Berlin WW by Erdmann Graeser

Berlin WW by Erdmann Graeser

Autor:Erdmann Graeser
Die sprache: deu
Format: epub
Herausgeber: SAGA Egmont
veröffentlicht: 2016-06-05T00:00:00+00:00


Onkel Augusts Veilchenparfüm

„Bleib du man janz ruhig sitzen und laß mir die Honneurs machen“ — hatte Onkel Karl zu Frau Lemke gesagt.

Und dann hatte er sich an der Überraschung seiner Bekannten geweidet, die entstanden war, als sich der für den Abend gemietete Lohndiener, ein schwarzbefracktes, weißbehandschuhtes, trotzdem aber etwas miekrig aussehendes Individuum mit einem großen Tablett durch die Türöffnung kämpfte und den Gästen Tee, Kaviarbrötchen und Biskuits herumzureichen begann.

Onkel Karl hatte dieses schwarzbefrackte Individuum in Verdacht, daß es ihm hier bei Lemkes nicht fein genug zugehe. Nun lief er von Gruppe zu Gruppe hinter ihm her und kontrollierte es.
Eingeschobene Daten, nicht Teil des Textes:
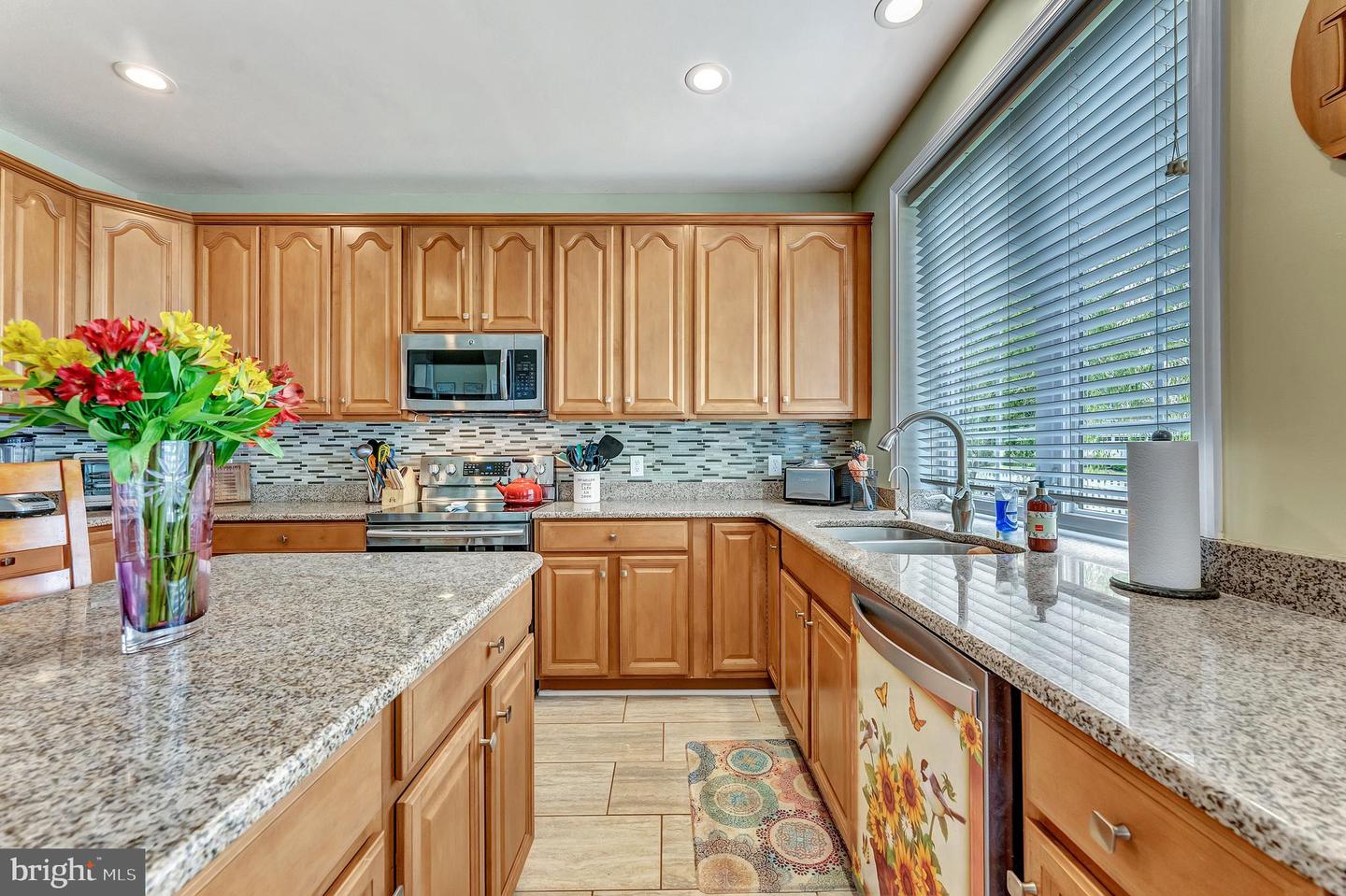 358 E Armstrong Dr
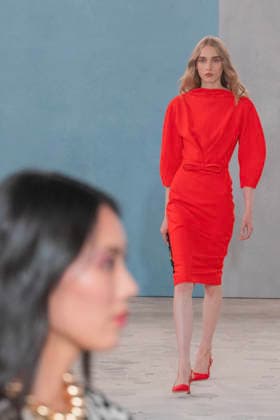A model walks the runway wearing pieces from Venezuelan designer Carolina Herrera s new collection in New York, United States, 12 February 2026. Herrera s collection is an ode to the creative power of women artists, patrons, gallery owners, collectors and muses, who wore her autumn-winter designs in New York. Carolina Herrera celebrates women in the arts at her fashion show in New York !ACHTUNG: NUR REDAKTIONELLE NUTZUNG!  Copyright: xÁngelxColmenaresx AME4423 20260212-55019375265_1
„Langen Se man feste zu, Herr N. N.“ — sagte er jetzt zu dem jungen, eleganten Mann, der es bisher nicht für notwendig gefunden hatte, von Onkels Existenz überhaupt Notiz zu nehmen.

„de Pikato“ — sagte der elegante Herr, mit einer knappen Verbeugung sich vorstellend.
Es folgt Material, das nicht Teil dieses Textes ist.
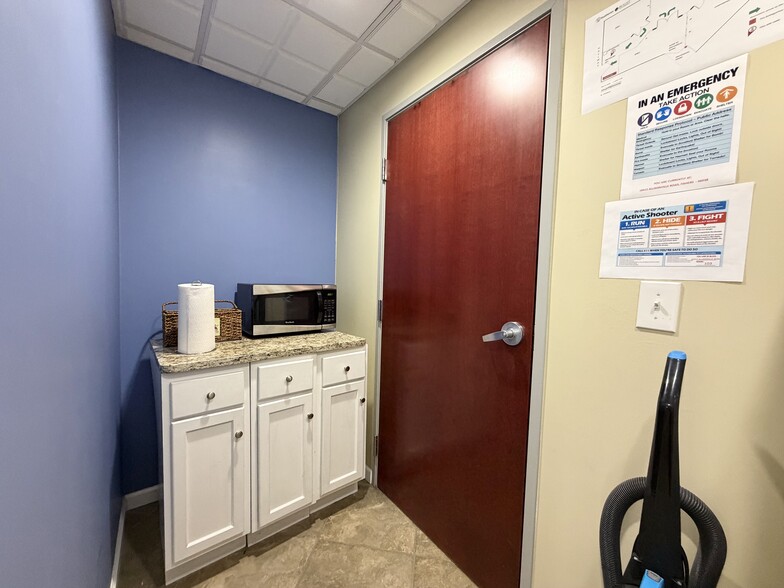 More Photos Of 10412 Allisonville Rd, Fishers Office For Sale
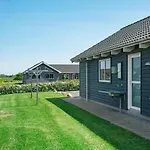 Prázdninový dům Front In With Sauna
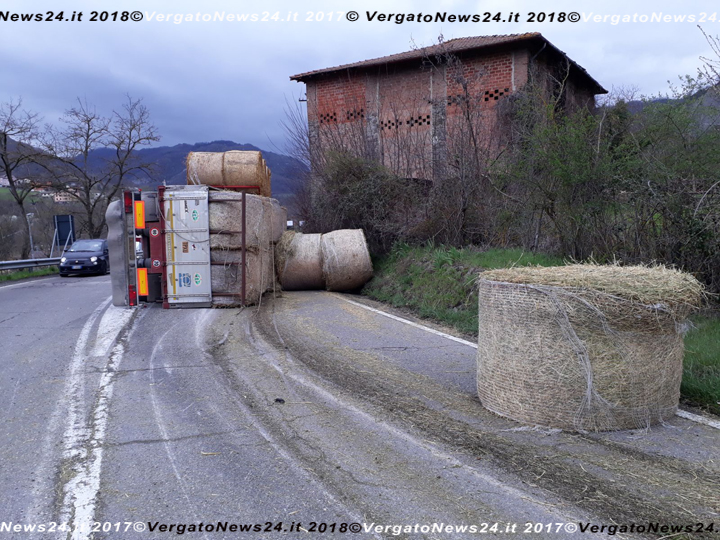 Incidente Stradale A Pioppe Di Salvaro Camion Carico Di baloni Si Incidente Stradale A Pioppe Di Salvaro Camion Carico Di baloni Si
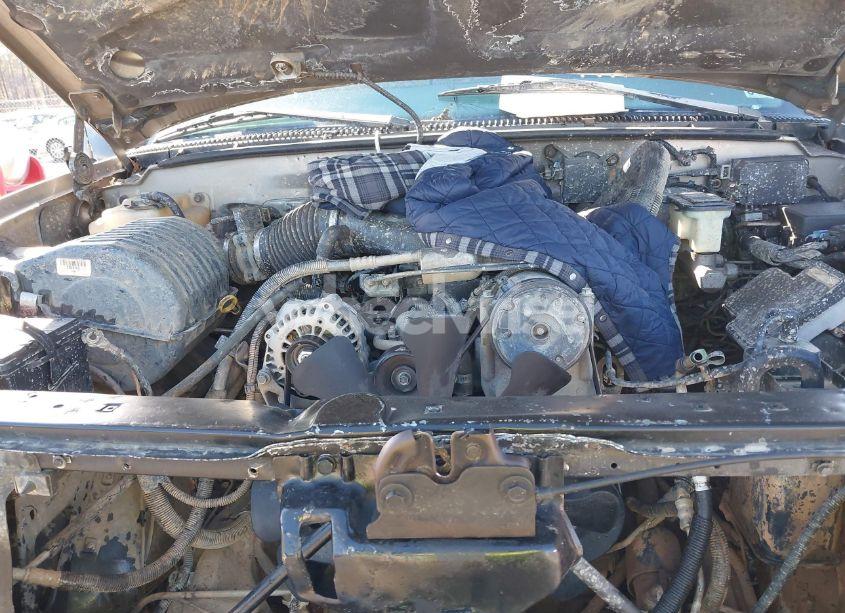 Photo 10 of 1999 Chevrolet K1500 LS (VIN 1GCEK19R0XR114609)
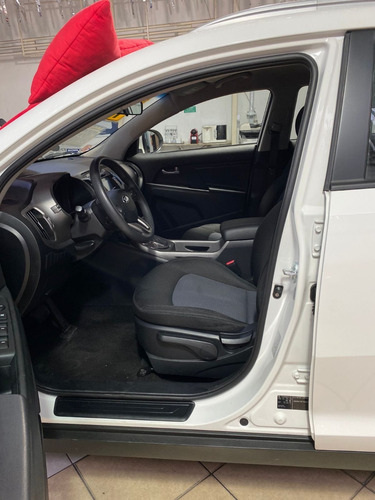 Imagem 9 de 14 de Kia Sportage 2015 2.0 Flex Lx Completa Automática Branca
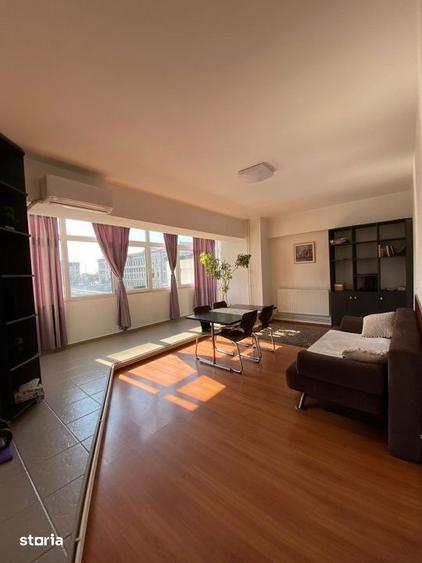 Apartament cu 3 camere, mobilat în Calea București
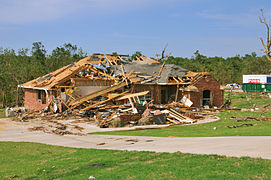 FEMA - 44359 - Oklahoma tornado destroyed home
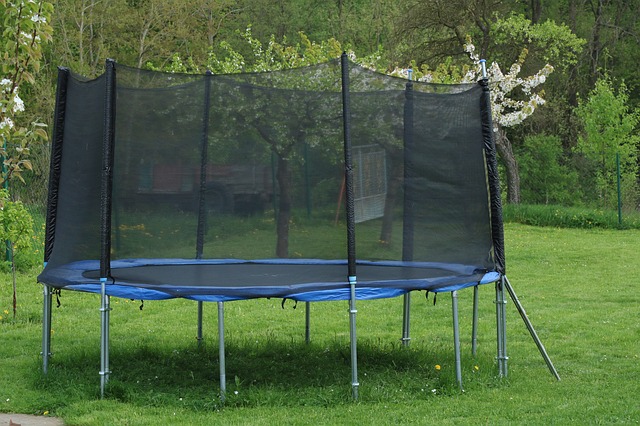 trampolína s ochrannou sítí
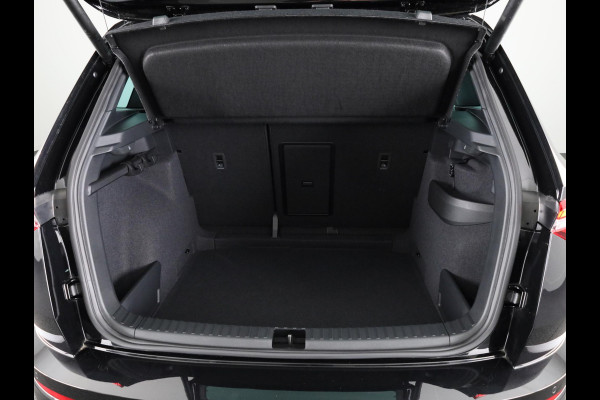 Škoda Karoq Sportline Business 1.5 TSI 150 pk 7 versn. DSG | Dode hoek sensoren | Adaptive Cruise Control | Elektrische achterklep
„Uljuska pupolska“, sagte Onkel Karl, der nicht begriffen, daß ihm der Herr eben seinen Namen genannt, sondern glaubte, eine Mitteilung in fremder Sprache erhalten zu haben. So beantwortete er sie ebenfalls fremdsprachlich, in der Hoffnung, daß jener ihn ebensowenig verstehen werde.

Aber der Herr zuckte die Achseln und wandte sich ab.

„Denn nich“ — sagte Onkel, und dann dirigierte er das befrackte Individuum zu Herrn Bartusch. „Langen Se man feste zu, det hilft jejen det Bauchquurksen“ — sagte er — als er in diesem Augenblick ein kollerndes, unterirdisches Geräusch bei jenem hörte. Und zu den anderen Mitgliedern des Vereins ,Blaue Kaffeetiete’, die sich etwas verdächtig rasch über das Tablett hermachten, sagte er ermahnend: „Nu laßt man noch wat druff, ihr kricht ja noch nachher or’ntlich drieben bei mir — wartet’s doch ab!“

Bei Miß Thomson, die in der Nähe von Frau Lemke saß und sich zu deren Erstaunen mit Hans Zillmann sehr lebhaft in englischer Sprache unterhielt, packte Onkel Karl den Frackträger am Schwalbenschwanz: „Hierjeblieben, lassen Se mal die Mißtreß sich wat Scheenet aussuchen. Wie wär’t mit det kleene Jriene hier, det is sicherlich inwendig jefüllt — nehmen Se man, nehmen Se, nur nich so etepetete, det kann ick nich leiden!“

Und dann legte er ihr freigebig noch ein paar andere Süßigkeiten auf die Untertasse, wischte sich die Hände an seinem Taschentuch ab und sagte: „Wenn det Dreckzeich bloß nich so klebrich wäre!“

Während er so vollauf beschäftigt schien, glitt sein Blick aber unausgesetzt zwischen der jungen Frau Zillmann und Herrn de Pikato hin und her, fand aber nichts, was sein Mißtrauen gegen beide verstärken konnte. Sie hielten sich voneinander entfernt, schienen sich nicht zu kennen. Und doch war Onkel überzeugt, daß dieses Zusammentreffen hier nicht zufällig war.

Tante Liese, die bisher steif und vornehm dagesessen, schnellte plötzlich von ihrem Stuhl auf und kam hastig und sehr erregt auf Karl zu: „Nu wiste wieda abschwenken mit deen’n Obakellner, statt mal bei mir zu kommen und die Damen wat zuerst anzubieten!“

„Hier — hier — hier“ — sagte Onkel, packte das Tablett und hielt es ihr hin — „nimm dir die janze Schohse und stopp dir voll! Aba von wejen, dett dir uff een’n Schuhrfix zu benehmen weeßt, is keene Rede nich.